Your abilities and Service Weapon can be upgraded and modified to become more powerful, and you’ll need to make each one stronger as you progress through Control. Make no mistake, Control is Remedy’s toughest game to date. There’s no option to change difficulties – a blot on the game as some might find the game’s only difficulty mode challenging and frustrating – and the variety of enemies have no worries in flanking you, seeking you out behind cover, and letting you recuperate health. It means that you have to stay on the move as standing still, even for a few seconds, isn’t wise.
There’s no automatic health recovery mechanic here either. You refill your health bar by picking up health shards dropped by enemies, so don’t think you can hide and wait for your health to recuperate. You’re forced to engage enemies to get health back, and these rush mechanics force you to stay on the offensive.
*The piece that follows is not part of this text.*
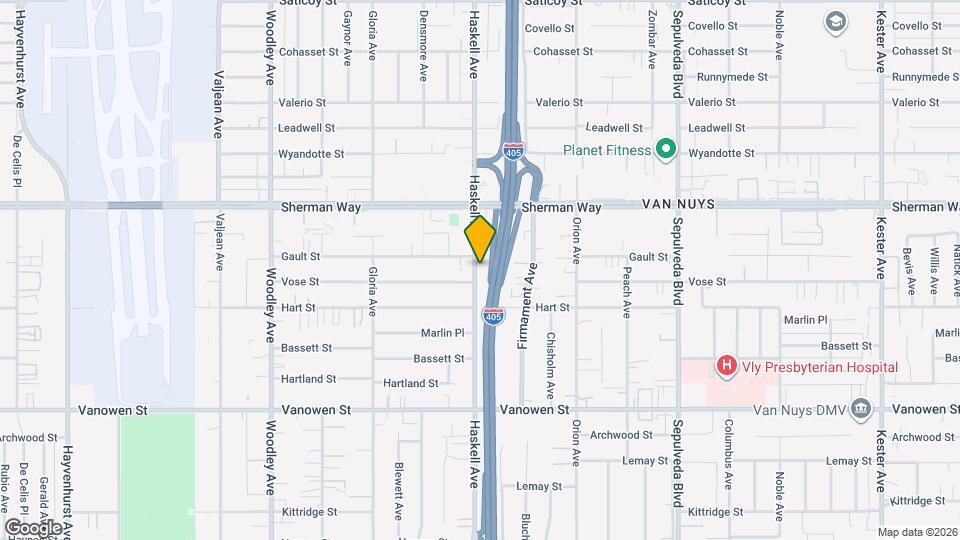 7040 Haskell Ave, Unit 311 Mapa y Detalles de la Ubicación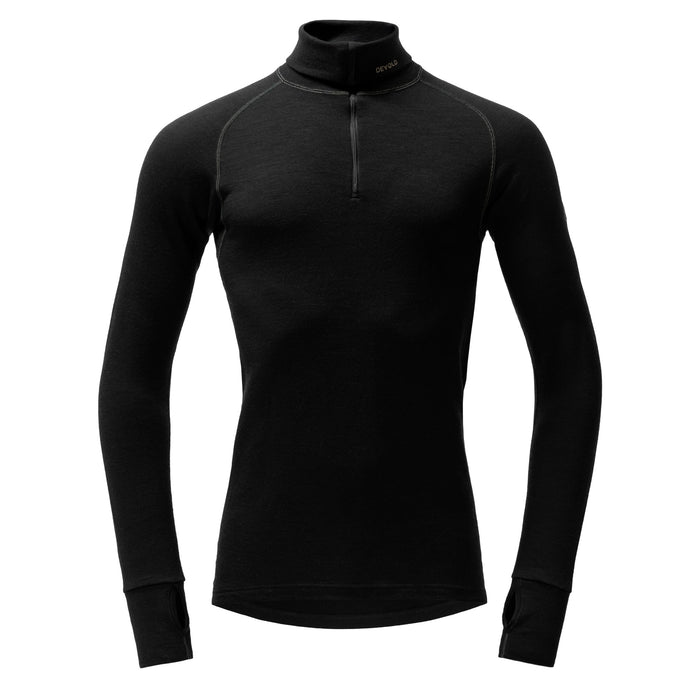 Devold Expedition Merino 235 Zip Neck Herren Schwarz Produktbild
It provides a risk-reward system that’s both satisfying and daunting, especially in later missions when enemies are extremely tough.
It isn’t just winning firefights where you are rewarded with health and item drops. Exploring every corner of The Oldest House’s many sectors can give you more insight into the Bureau’s history via collectibles. You’ll also come across optional side quests that might give you a new ability, or find chests with new materials to unlock a new Service Weapon mode. Exploration is rewarded, and making yourself more powerful as you unravel The Bureau’s secrets, The Hiss’ motivations, and Jesse’s backstory constantly make it feel like you’re progressing throughout Control.
Control is by no means perfect. Exiting the menus on multiple occasions led to jarring or stuttering gameplay for a few seconds. Game crashes are few and far between but, when they do occur, it means that some progress can be lost if the game’s autosave function doesn’t kick in properly. Some of the cutscenes also feel clunky. Animations are samey, especially the ones where Jesse and Bureau research scientist Emily Pope are discussing plans of action in between missions, and it doesn’t feel natural to see the duo make the same movements in their chairs ad infinitum.
Constantly spawning enemies are a bit of a drag too. Sure, it makes sense for The Hiss to re-emerge in areas you’ve already visited. They’re far reaching and, coupled with side quests called Board Countermeasures and Bureau Alerts where you have to remove The Hiss from specific areas, it’s a necessity for Control to continually spawn them. However, when you’re wanting to explore a previously discovered area for secrets, or simply heading back to chat to Emily, having to fight off new waves blocking your path can be frustrating.
Control is Remedy’s finest game to date though. It might start off a bit slow for some but, once it gets going, it really does shine. Control’s intriguing plot is what ultimately drives it, but there’s so much more beneath the surface that sets it out as a joy to play. Remedy’s dry humour is on display within The Oldest House’s collectibles, posters, and post-it notes. The sound design is mesmeric and unsettling, and there’s even music-related Easter Eggs that will have long-time Remedy fans grinning if you’re able to find them.
As a game, Control isn’t an industry game-changer. It’s a bigger, bolder, and fresher experience from Remedy though, and one that adds another string to their bow. It’s easy to lose hours within The Oldest House, but that’s a mark of a good game. The saying goes “time flies when you’re having fun” and, with Control, I had tons of fun.